E adesso, cosa vi propongo cari amici lettori e appassionati di “astri chiomati”? Già qualche mese fa, in fase di presentazione dell’annata 2019, avevo anticipato che dopo gli ultimi bagliori in gennaio della 46P/Wirtanen, sarebbe stato un anno di carestia. Invece è arrivata a sorpresa la C/2018 Y1 Iwamoto a tenerci compagnia, seppur per poco tempo, un oggetto ormai però in allontanamento e affievolimento. Quindi, ora si che comincia la carestia annunciata, a meno di altre sorprese ovviamente non pronosticabili, una carestia che ci accompagnerà per vari mesi, interrotta forse da un paio di comete appena sufficienti nell’ultima parte dell’anno.

Che si fa dunque? Ci prendiamo un periodo di pausa in attesa degli eventi? Niente affatto!

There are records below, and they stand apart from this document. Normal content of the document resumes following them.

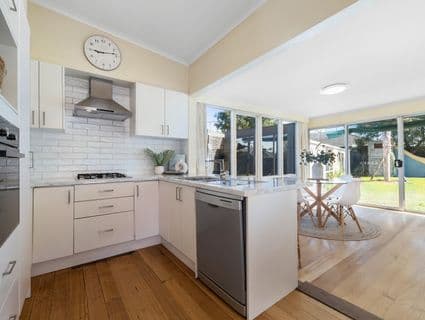 258 Frankston Dandenong Road, Seaford, VIC, 3198, Seaford - Thumbnail 3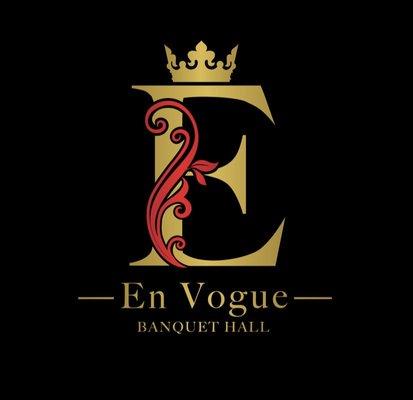 En Vogue Banquet Hall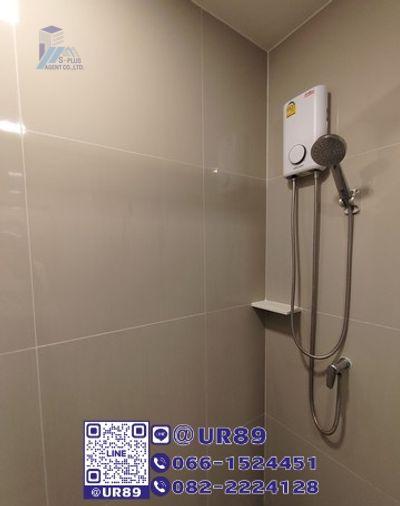 รูป 💙 Hot Price 💙ให้เช่า/For RENT คอนโด NIA by Sansiri (เนีย บาย แสนสิริ) - รูปที่ 8/9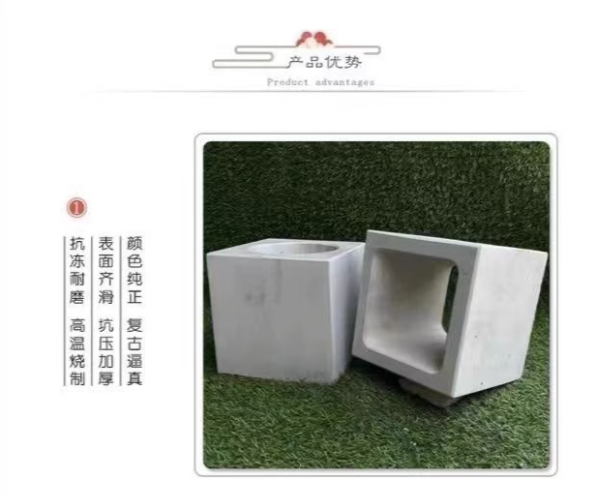 1684567086399538.png image.png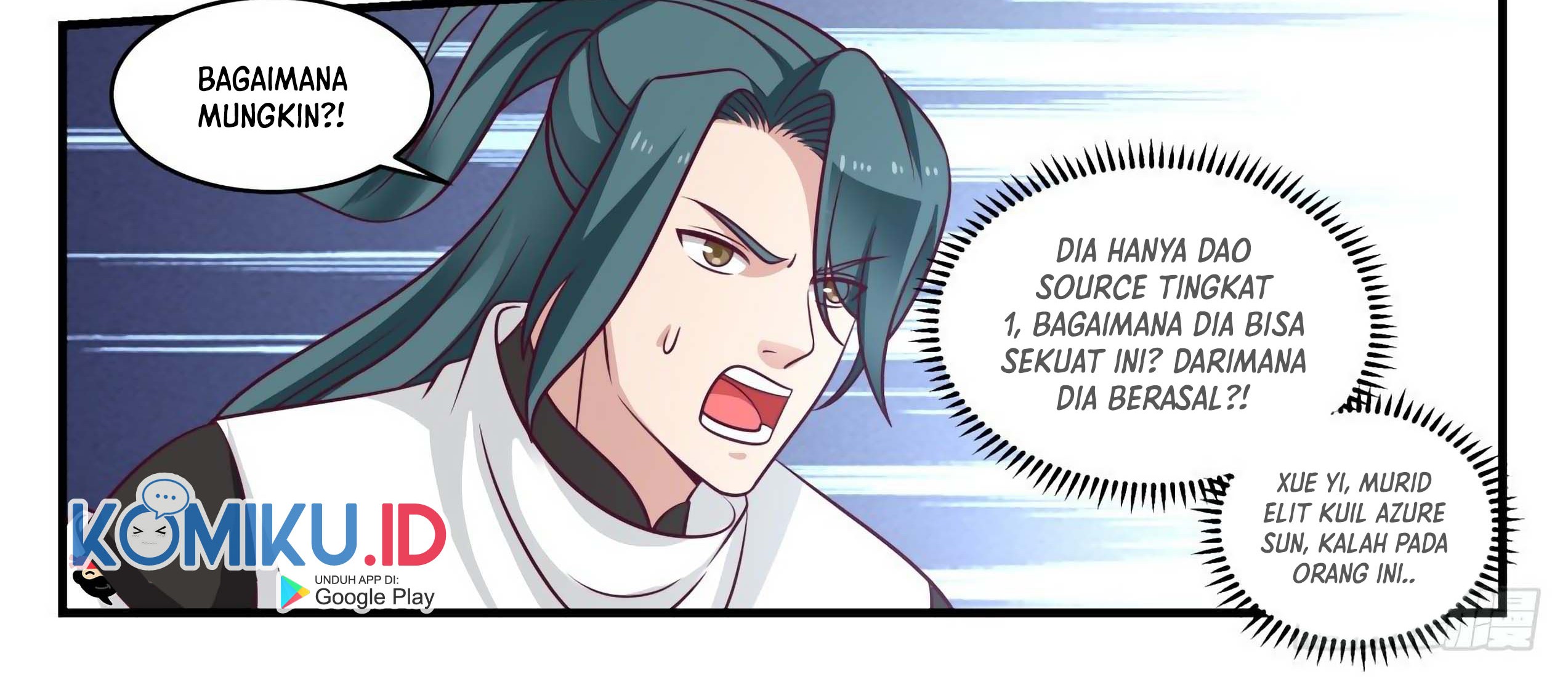 Martial Peak Part 1 Chapter 1718 - https://gambar-id.komiku.org/uploads/2453738-3_part2.jpg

Non ci sono comete luminose e nemmeno modeste? Allora spostiamo l’attenzione sulle deboli o, come in questo caso debolissime, che rappresentano, almeno in visuale, una vera sfida. Nelle osservazioni deep-sky si intraprendono tante sfide con oggetti al limite: perché non farlo anche con le comete?

Sopra. La mappa mostra il percorso nel cielo della cometa 123P/West-Hartley. Nonostante la sua osservazione e ripresa costituirà una sfida, per via dei valori di magnitudine dell’oggetto piuttosto contenuti, sarà rintracciabile in un’area del cielo molto affascinante, quella tra il Leone e il Leone Minore, già alta nel cielo in prima serata e quindi comoda da osservare.